*TASK ITEM:* Work through the listing below and give again exactly the lines from the one with "Floating the Sucuri" to the one with "ななつぼし 蘭越産 北海道産", both ends included. All other lines and all pictures stay out.

*PROVIDED ENTRIES:*

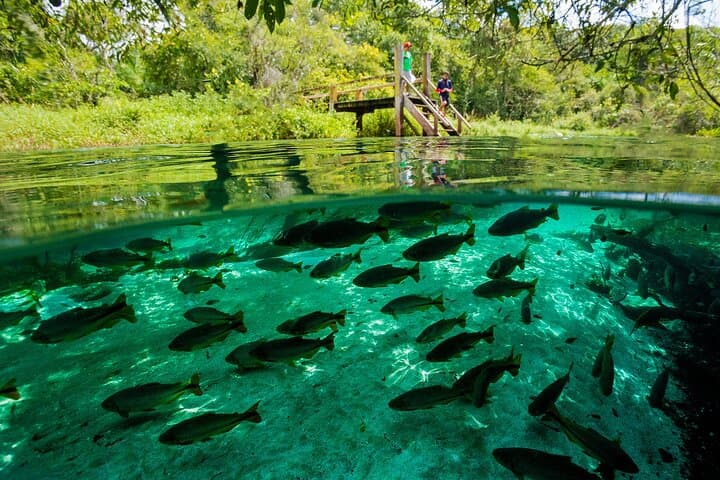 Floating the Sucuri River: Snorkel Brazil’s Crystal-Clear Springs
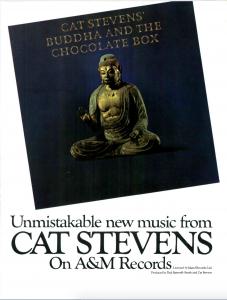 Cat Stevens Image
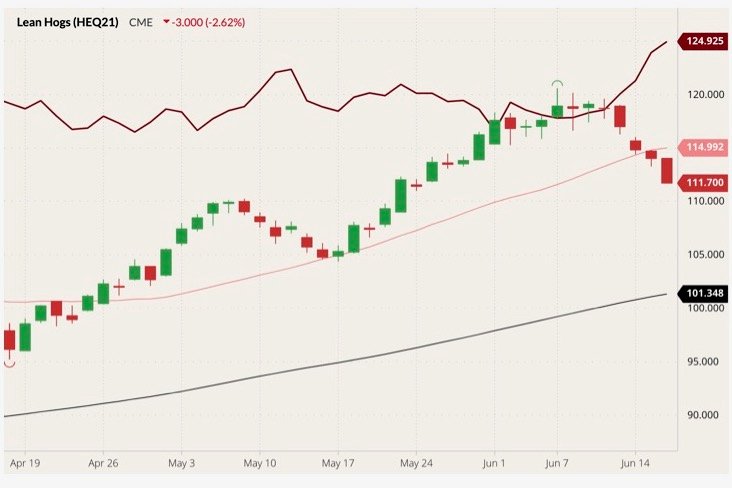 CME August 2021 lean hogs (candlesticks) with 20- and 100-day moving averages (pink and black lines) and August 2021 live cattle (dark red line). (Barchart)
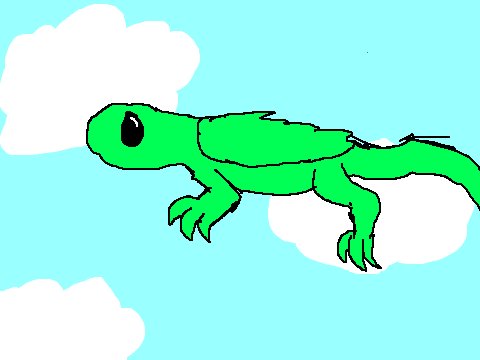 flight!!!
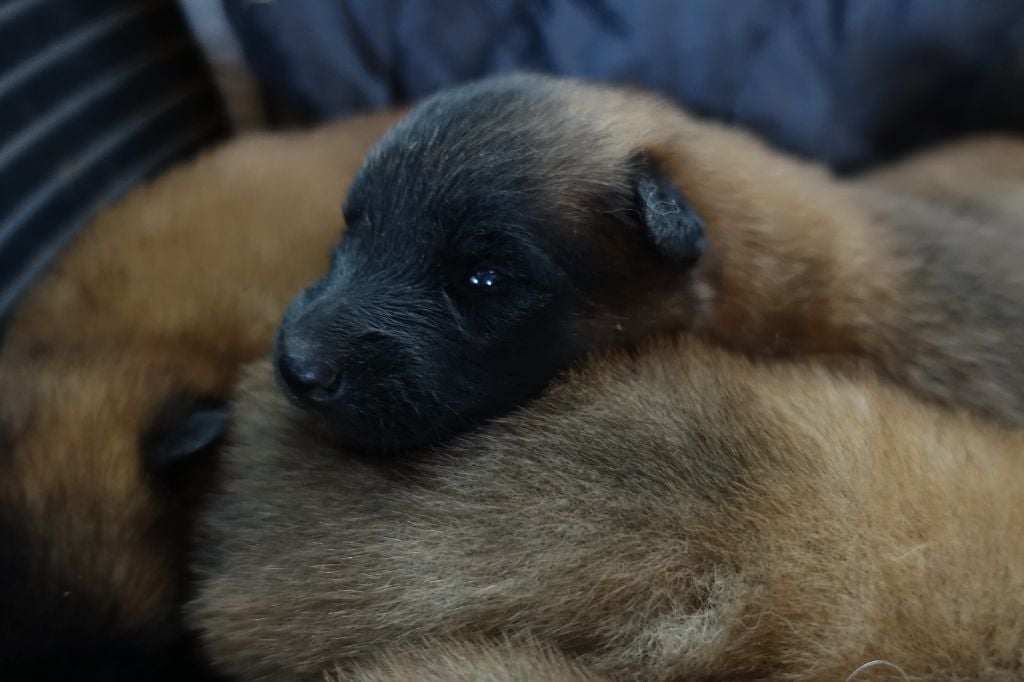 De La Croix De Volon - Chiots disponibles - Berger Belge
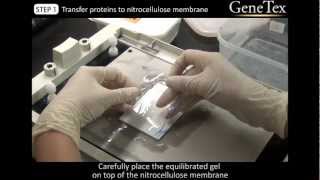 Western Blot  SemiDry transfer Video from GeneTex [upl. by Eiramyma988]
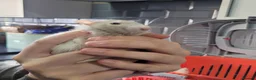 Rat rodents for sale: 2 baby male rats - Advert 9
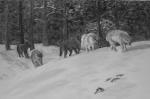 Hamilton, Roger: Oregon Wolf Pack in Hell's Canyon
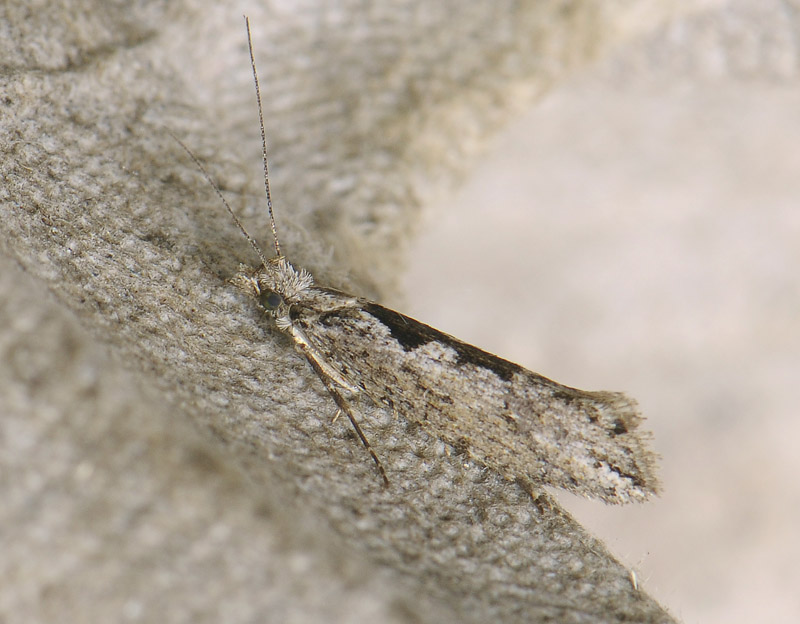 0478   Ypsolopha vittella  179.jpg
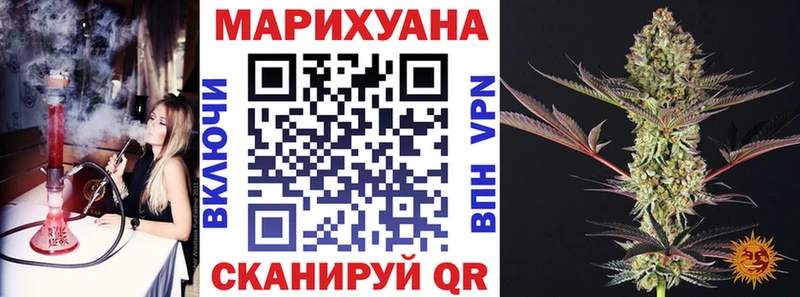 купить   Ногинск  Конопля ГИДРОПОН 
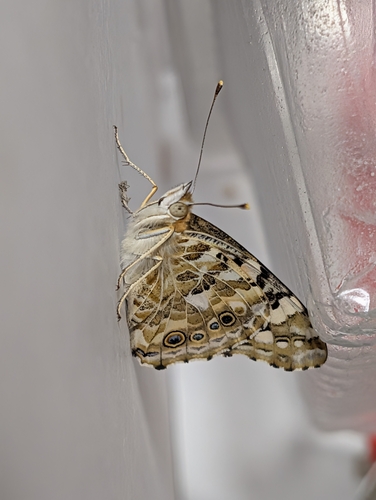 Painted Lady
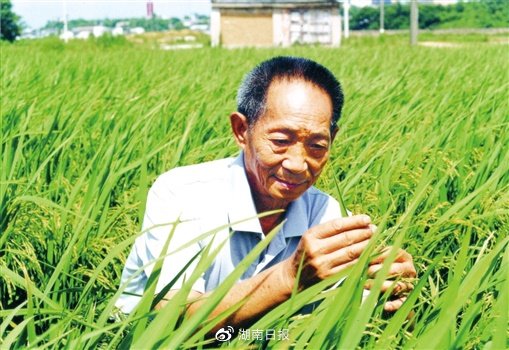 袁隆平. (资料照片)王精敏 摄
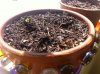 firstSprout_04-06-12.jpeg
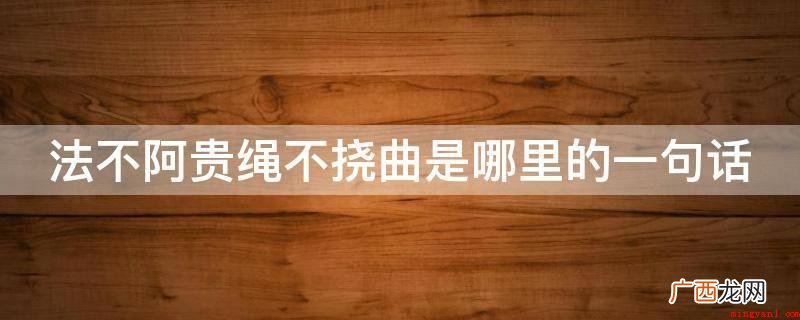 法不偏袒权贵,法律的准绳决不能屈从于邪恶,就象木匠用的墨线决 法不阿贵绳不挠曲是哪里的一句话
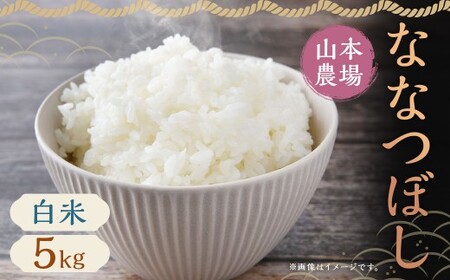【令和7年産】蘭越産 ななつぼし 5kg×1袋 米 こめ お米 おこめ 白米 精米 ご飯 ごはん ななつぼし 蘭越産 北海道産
* * *
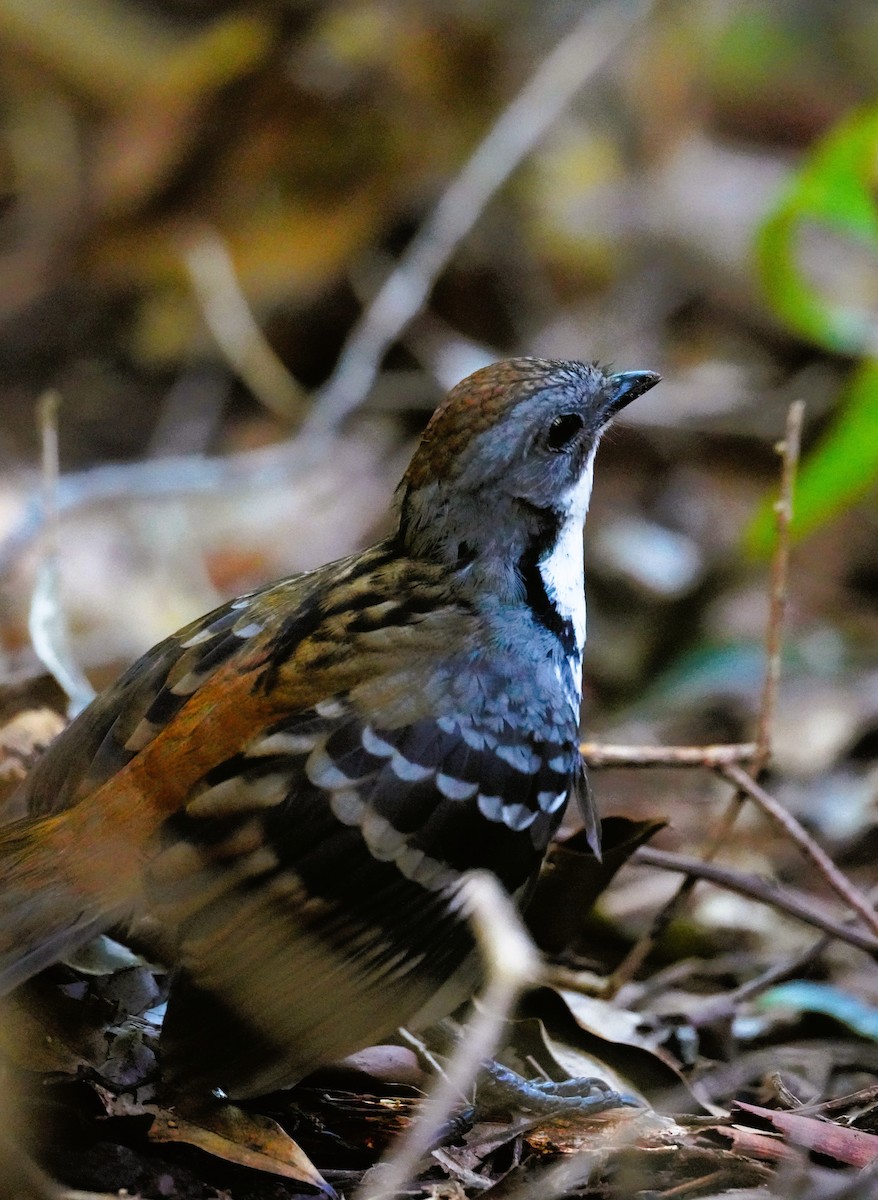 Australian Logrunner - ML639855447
* * *
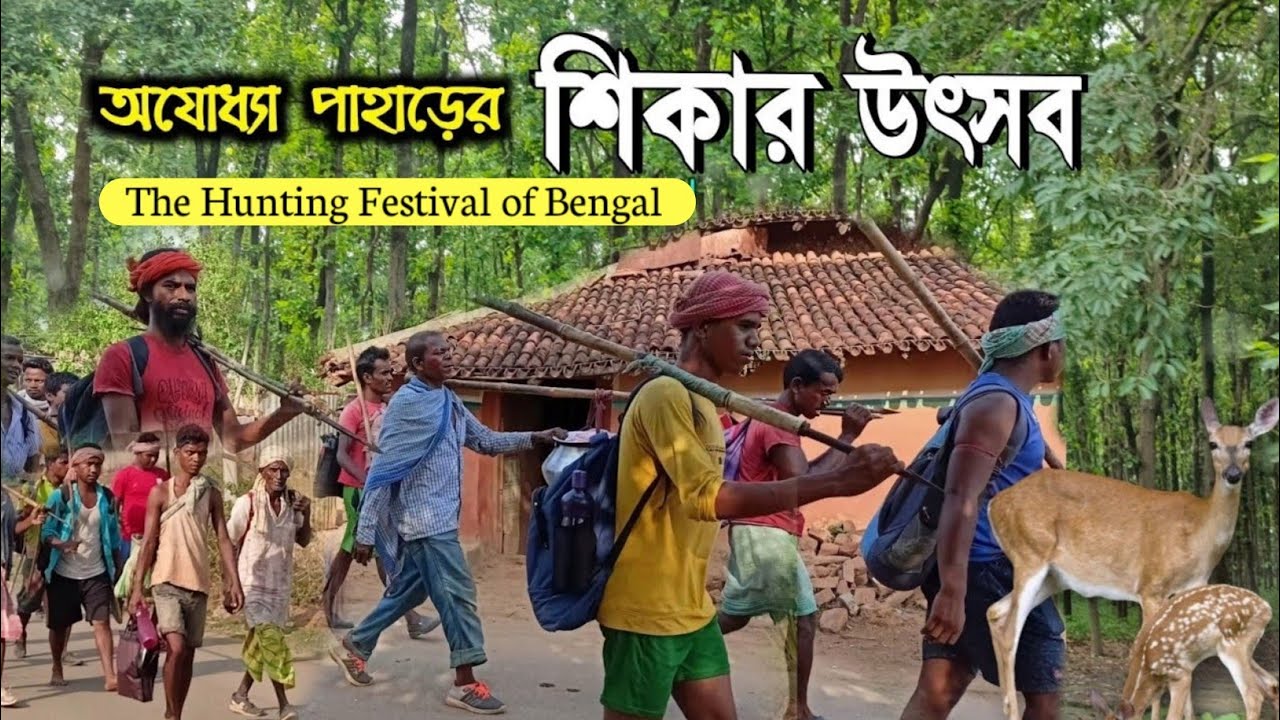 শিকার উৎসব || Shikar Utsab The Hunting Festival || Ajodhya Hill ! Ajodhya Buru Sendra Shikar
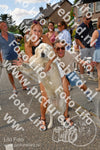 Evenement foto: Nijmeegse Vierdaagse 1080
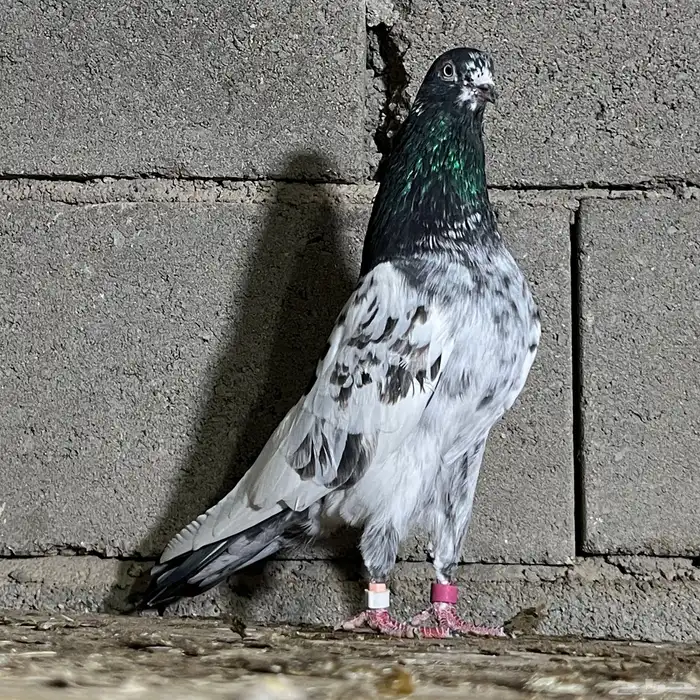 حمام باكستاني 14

*RESPONSE:*
 Floating the Sucuri River: Snorkel Brazil’s Crystal-Clear Springs
 Cat Stevens Image
 CME August 2021 lean hogs (candlesticks) with 20- and 100-day moving averages (pink and black lines) and August 2021 live cattle (dark red line). (Barchart)
 flight!!!
 De La Croix De Volon - Chiots disponibles - Berger Belge
 Western Blot  SemiDry transfer Video from GeneTex [upl. by Eiramyma988]
 Rat rodents for sale: 2 baby male rats - Advert 9
 Hamilton, Roger: Oregon Wolf Pack in Hell's Canyon
 0478   Ypsolopha vittella  179.jpg
 купить   Ногинск  Конопля ГИДРОПОН 
 Painted Lady
 袁隆平. (资料照片)王精敏 摄
 firstSprout_04-06-12.jpeg
 法不偏袒权贵,法律的准绳决不能屈从于邪恶,就象木匠用的墨线决 法不阿贵绳不挠曲是哪里的一句话
【令和7年産】蘭越産 ななつぼし 5kg×1袋 米 こめ お米 おこめ 白米 精米 ご飯 ごはん ななつぼし 蘭越産 北海道産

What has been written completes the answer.